Re: Abstract Syntax Trees



Oyvind Teig <Oyvind.Teig@xxxxxxxxxxxx>  says,

> I have read the "Java Security" book by McGraw and Felten.
>
> On page 124 they argue that the Java to bytecode translation
> would have been safer had it been done with Abstract Syntax
> Trees (AST).
>
> 1. AST will "replace the need for global dataflow analysis",
> 2. AST also has the "same semantics as the source language
>    they represent."
>
> I gather that SPOC uses AST to translate from Occam to C,
> so this triggered my interest. Does KROC use ASTs?
>
> Does anybody have time to explain a little about ASTs,
> or point me to a somewhat top-level description - and
> perhaps describe point 1 and 2 above?

Abstract Syntax Tree(AST) is the hierarchical representation of
the semantic features of a program based on its abstract syntax.
Abstract syntax deals with only the semantic entities, unlike
the concrete syntax which also describes what kind syntactic
symbols will be used to describe the semantic features.
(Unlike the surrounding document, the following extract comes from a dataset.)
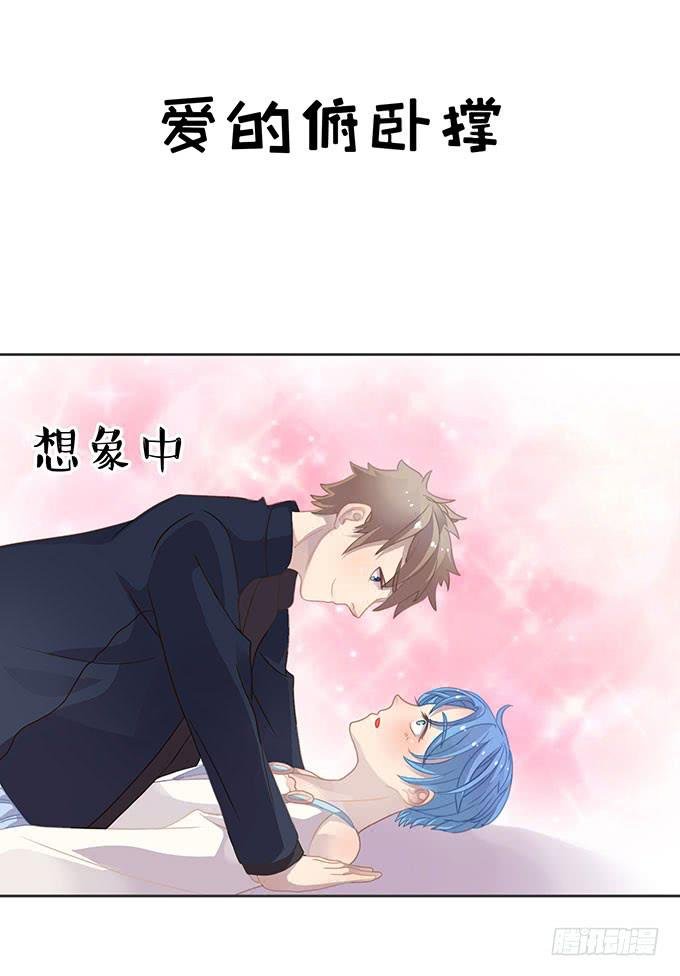 情人节的蜜汁心动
For example, to assign the variable 'a' with the value 5,
the concrete syntax should tell you whether you have to write
	a = 5		 /*  as in C   */
  OR
    	a := 5		 --  as in occam

The abstract syntax defines only what you do rather than how you do.
Therefore the same abstract syntax may be used for both of the above
assignments. They may be represented in an AST as follows:

		 ASSIGN

		 /    \
		a	5

A typical tree based on the concrete syntax would be:

                  ASSIGN		    ( great fun :)
		/   |	 \
              VAR  OP	EXPRESSION
              /	    |	   \
      IDENTIFIER    |	    LITERAL
            /	    |		\
           a	    =		5

As you see, the AST is the reduced tree from the parse tree where all
the intermediate nodes are eliminated.

Traversing the AST is like browsing through the program. You can
deduct a level of abstract meaning depending on the level of branching
you are standing.

Yes, AST has the "same semantics as the source language they represent."
This is an advantage over the byte-code so that you can quickly establish
the intention of the program at every level. With the byte-code
the purpose of security test would be rather limited to	 whether each
piece of instructions may do harm or not.
In both cases, I am not sure that you can 100% verify for the security.
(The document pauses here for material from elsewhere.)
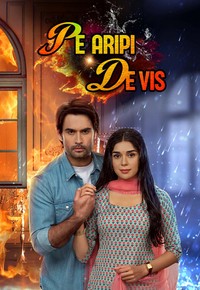 Pe aripi de vis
One drawback is that, the file containing the AST of a program may be
several times larger in size when compared to the size its byte-code.
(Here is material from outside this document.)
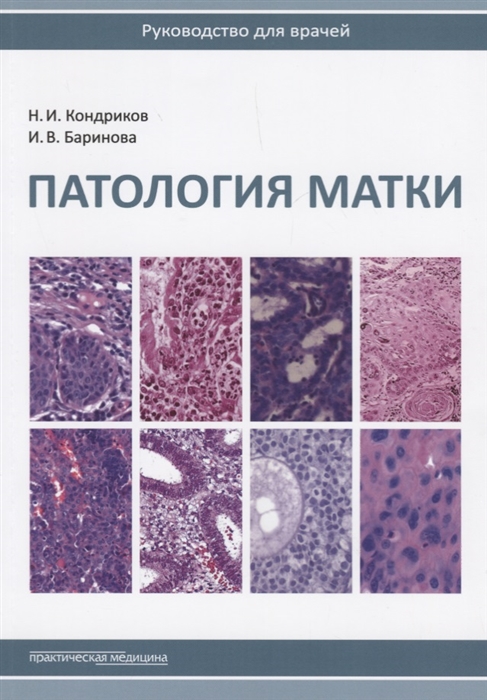 

Патология матки Руководство для врачей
I can see a another advantage, though it may be a backfire for the
popularity of Java. Who needs Java as long as you end up with an AST
similar to the one which can be produced for a Java program?
You can use your favourite language to describe the same thing,
and the AST will be the common language.  Let everyone program
in their own language in a distributed programming environment all
around the Web and ASTs will be our interpreters to convey our
intentions.

Cheers,
Vedat
--
Vedat Demiralp
Computing Lab.,	  University of Kent,  Canterbury CT2 7NF,   UK
Tel: 44-(0)1227-827684		Fax:  44-(0)1227-762 811
---------------------------------------------------------------